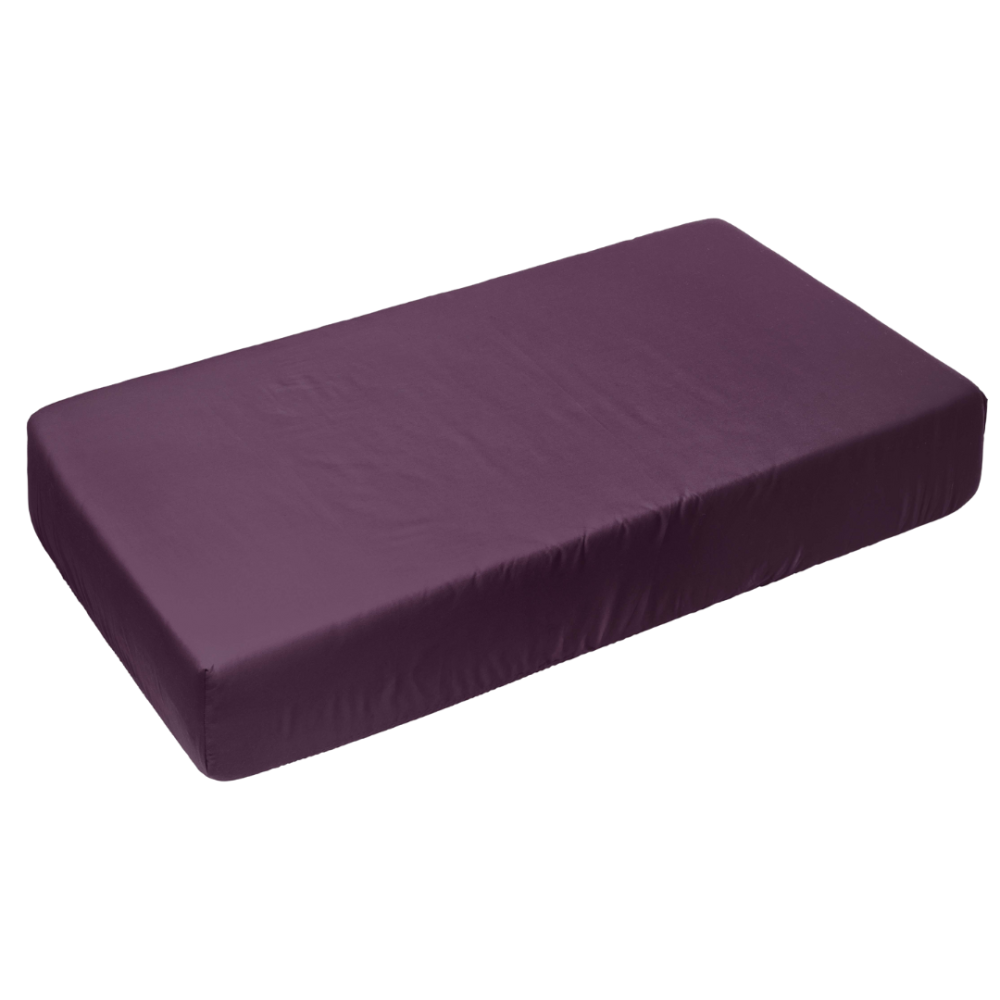 Satinlakan „Plum glow“, 150x220 cm, 200x220 cm, 220x240 cm Satinlakan „Plum glow“, 150x220 cm, 200x220 cm, 220x240 cm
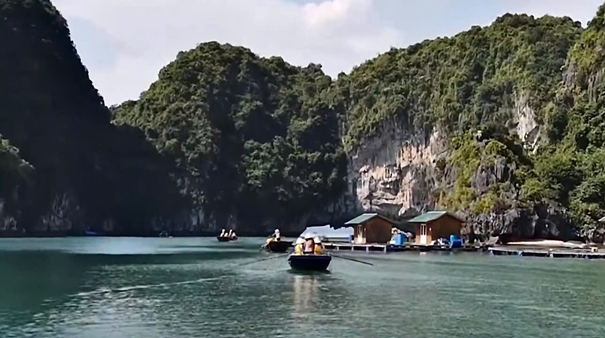 Hát giao duyên trên Vịnh Hạ Long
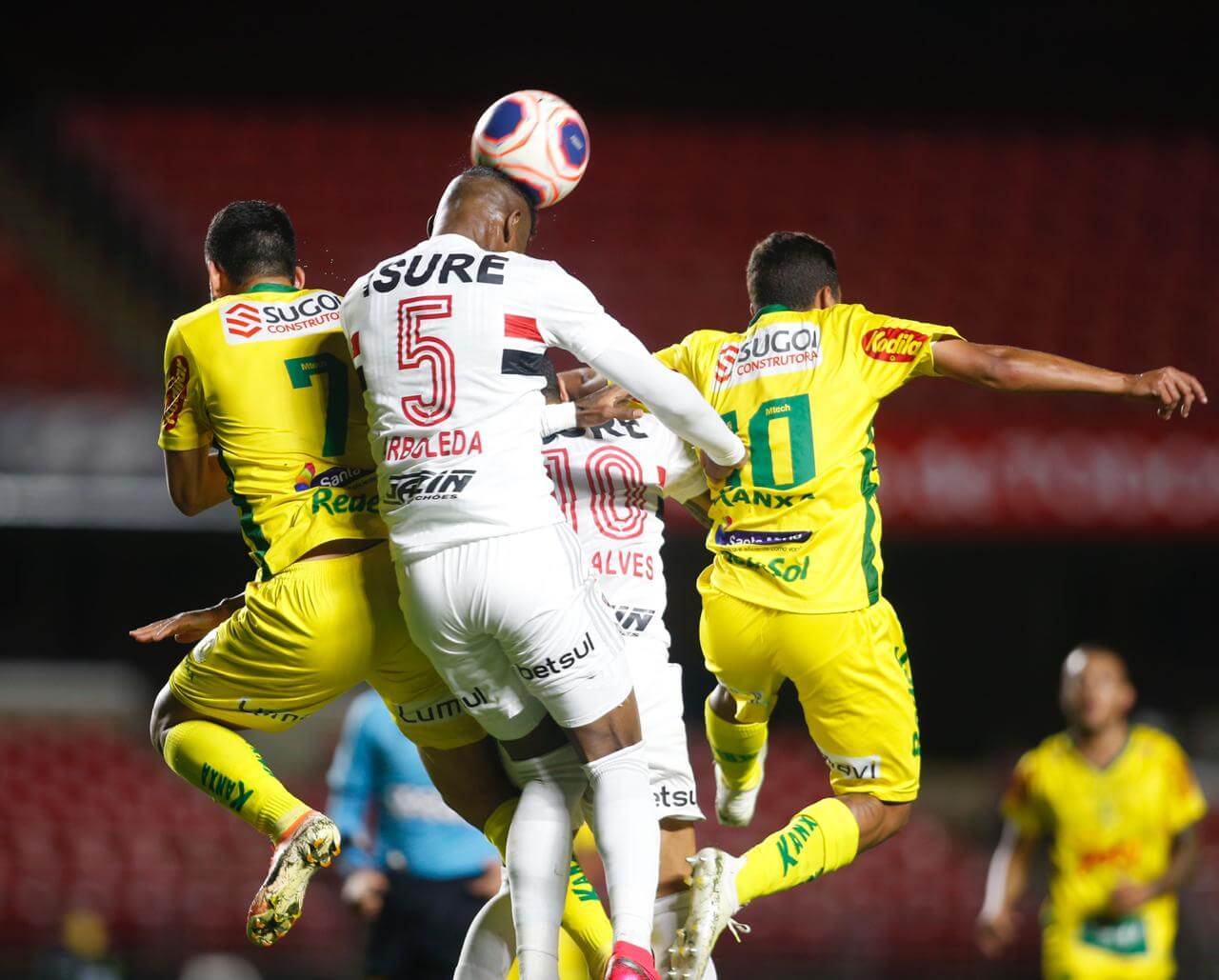 PAULISTÃO: São Paulo cai para o Mirassol e Palmeiras passa pelo Santo André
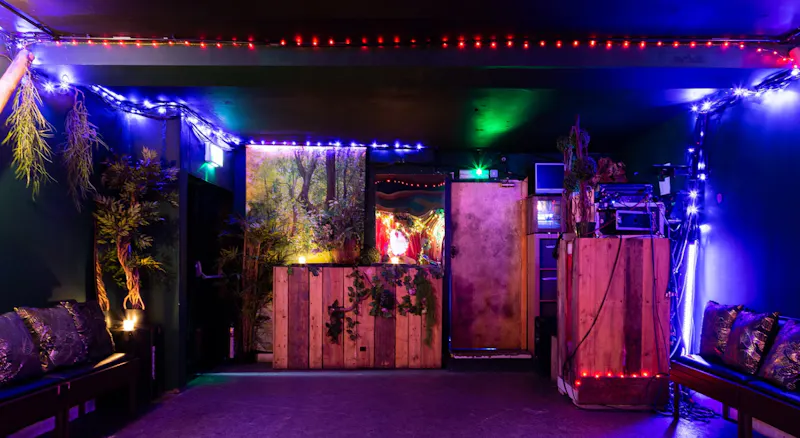 Hoxton Venue, R860 (photo 17)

§ **What this task involves**
Give all the lines above again, character for character, without pictures.

§ **Expected answer**
 Satinlakan „Plum glow“, 150x220 cm, 200x220 cm, 220x240 cm Satinlakan „Plum glow“, 150x220 cm, 200x220 cm, 220x240 cm
 Hát giao duyên trên Vịnh Hạ Long
 PAULISTÃO: São Paulo cai para o Mirassol e Palmeiras passa pelo Santo André
 Hoxton Venue, R860 (photo 17)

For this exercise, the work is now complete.